- Task goal -
Return exactly the lines that run from the one containing "Ourlet de pull" to the end of the entries, with both ends included.

--- Data under study ---

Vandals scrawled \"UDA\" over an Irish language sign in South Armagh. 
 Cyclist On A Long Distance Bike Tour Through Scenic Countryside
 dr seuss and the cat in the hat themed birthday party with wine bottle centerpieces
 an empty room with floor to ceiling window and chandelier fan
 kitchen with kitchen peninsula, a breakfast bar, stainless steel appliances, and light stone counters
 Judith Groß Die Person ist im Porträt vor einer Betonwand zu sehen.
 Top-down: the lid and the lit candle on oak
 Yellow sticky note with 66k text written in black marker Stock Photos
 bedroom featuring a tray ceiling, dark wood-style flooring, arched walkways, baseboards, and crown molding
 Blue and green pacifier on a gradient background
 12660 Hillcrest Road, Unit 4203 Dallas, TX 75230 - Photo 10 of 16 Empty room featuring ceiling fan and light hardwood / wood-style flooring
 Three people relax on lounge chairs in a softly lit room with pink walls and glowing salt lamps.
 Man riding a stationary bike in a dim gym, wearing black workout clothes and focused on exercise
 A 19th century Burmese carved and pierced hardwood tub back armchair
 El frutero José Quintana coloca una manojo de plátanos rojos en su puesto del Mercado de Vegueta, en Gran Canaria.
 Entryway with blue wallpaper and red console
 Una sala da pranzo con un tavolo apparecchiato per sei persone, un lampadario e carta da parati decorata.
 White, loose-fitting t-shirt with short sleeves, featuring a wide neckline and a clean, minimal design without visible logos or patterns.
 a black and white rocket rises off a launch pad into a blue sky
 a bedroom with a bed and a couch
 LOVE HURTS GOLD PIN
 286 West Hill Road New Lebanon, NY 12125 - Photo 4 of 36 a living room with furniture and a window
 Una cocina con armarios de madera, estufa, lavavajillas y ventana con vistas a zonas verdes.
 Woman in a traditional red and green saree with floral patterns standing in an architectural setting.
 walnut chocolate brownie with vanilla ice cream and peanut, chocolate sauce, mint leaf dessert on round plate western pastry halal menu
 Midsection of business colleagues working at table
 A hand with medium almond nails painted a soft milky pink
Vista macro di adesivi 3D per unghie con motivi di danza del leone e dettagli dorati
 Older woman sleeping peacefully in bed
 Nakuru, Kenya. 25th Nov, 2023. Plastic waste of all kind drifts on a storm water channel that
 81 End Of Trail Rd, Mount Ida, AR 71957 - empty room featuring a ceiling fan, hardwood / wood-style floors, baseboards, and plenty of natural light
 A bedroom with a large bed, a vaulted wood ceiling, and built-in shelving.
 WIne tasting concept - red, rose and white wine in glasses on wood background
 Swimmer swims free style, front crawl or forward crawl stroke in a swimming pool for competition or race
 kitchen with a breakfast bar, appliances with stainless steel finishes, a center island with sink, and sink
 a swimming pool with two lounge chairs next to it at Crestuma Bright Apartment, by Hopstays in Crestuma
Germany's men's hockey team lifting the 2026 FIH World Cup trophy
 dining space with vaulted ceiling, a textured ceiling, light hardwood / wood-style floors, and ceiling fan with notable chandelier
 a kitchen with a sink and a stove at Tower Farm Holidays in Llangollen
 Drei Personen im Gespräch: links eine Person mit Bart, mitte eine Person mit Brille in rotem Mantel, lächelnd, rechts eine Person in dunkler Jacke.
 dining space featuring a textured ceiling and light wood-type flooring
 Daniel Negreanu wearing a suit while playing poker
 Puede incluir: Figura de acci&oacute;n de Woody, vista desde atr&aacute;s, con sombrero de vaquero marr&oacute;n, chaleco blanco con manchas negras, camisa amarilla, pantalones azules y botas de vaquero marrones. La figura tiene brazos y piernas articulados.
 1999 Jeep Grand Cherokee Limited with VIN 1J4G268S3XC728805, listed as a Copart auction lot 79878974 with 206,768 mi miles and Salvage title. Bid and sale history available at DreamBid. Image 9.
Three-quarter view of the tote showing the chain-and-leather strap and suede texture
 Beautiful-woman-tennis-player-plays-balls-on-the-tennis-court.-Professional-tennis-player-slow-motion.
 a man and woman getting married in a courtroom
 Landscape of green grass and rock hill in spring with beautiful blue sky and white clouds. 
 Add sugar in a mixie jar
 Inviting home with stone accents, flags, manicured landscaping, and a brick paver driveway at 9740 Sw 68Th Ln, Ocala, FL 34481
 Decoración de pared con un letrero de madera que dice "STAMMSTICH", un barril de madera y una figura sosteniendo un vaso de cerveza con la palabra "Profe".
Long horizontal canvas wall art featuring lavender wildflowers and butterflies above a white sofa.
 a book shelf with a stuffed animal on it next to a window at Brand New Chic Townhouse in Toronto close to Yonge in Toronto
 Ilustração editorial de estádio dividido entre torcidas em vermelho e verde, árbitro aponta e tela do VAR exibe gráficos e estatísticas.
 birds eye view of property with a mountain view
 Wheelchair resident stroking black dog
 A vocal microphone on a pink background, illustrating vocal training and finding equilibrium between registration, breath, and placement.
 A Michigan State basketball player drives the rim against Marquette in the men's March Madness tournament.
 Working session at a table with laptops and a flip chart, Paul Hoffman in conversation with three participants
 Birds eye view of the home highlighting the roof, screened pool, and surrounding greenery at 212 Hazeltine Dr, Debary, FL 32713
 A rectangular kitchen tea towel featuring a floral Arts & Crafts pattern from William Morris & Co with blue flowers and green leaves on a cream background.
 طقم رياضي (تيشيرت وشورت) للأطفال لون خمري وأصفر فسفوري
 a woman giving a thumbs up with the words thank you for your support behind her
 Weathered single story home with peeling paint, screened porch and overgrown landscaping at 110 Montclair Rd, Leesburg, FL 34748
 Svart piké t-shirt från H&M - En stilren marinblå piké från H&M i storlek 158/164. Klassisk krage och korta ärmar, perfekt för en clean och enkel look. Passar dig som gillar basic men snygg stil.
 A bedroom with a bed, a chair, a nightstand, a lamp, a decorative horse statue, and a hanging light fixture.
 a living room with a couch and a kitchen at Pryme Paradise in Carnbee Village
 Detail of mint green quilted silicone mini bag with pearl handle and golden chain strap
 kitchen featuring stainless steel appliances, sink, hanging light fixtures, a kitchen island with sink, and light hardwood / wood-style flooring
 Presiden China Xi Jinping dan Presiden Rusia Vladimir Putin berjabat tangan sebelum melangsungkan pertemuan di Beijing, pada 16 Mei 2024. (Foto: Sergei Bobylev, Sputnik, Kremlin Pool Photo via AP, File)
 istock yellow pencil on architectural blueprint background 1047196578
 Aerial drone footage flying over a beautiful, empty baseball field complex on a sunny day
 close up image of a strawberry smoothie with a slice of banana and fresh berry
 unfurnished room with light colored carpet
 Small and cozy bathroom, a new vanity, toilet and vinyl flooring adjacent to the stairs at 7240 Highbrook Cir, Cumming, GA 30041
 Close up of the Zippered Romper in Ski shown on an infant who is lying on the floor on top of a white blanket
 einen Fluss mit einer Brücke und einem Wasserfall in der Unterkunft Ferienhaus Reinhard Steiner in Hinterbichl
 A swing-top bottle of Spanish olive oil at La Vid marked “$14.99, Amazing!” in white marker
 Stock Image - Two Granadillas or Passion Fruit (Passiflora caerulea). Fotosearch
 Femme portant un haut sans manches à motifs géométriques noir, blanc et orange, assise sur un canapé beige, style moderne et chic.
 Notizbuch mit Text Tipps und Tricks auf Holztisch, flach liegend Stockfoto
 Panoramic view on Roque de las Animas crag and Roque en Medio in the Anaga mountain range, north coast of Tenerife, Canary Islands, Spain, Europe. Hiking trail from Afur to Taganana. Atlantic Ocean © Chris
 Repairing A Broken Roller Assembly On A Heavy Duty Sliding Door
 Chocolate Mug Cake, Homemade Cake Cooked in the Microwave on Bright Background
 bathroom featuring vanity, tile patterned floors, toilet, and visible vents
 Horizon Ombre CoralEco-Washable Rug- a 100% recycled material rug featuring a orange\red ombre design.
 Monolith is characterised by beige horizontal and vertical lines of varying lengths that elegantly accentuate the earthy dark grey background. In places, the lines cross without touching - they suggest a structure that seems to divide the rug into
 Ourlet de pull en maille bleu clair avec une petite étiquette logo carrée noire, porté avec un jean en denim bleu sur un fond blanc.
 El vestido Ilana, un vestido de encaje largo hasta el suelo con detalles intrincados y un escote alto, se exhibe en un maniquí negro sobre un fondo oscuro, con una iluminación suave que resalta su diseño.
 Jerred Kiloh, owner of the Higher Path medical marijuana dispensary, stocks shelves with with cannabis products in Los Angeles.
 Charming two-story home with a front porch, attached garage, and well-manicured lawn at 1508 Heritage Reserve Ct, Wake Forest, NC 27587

---

- Solved problem -
 Ourlet de pull en maille bleu clair avec une petite étiquette logo carrée noire, porté avec un jean en denim bleu sur un fond blanc.
 El vestido Ilana, un vestido de encaje largo hasta el suelo con detalles intrincados y un escote alto, se exhibe en un maniquí negro sobre un fondo oscuro, con una iluminación suave que resalta su diseño.
 Jerred Kiloh, owner of the Higher Path medical marijuana dispensary, stocks shelves with with cannabis products in Los Angeles.
 Charming two-story home with a front porch, attached garage, and well-manicured lawn at 1508 Heritage Reserve Ct, Wake Forest, NC 27587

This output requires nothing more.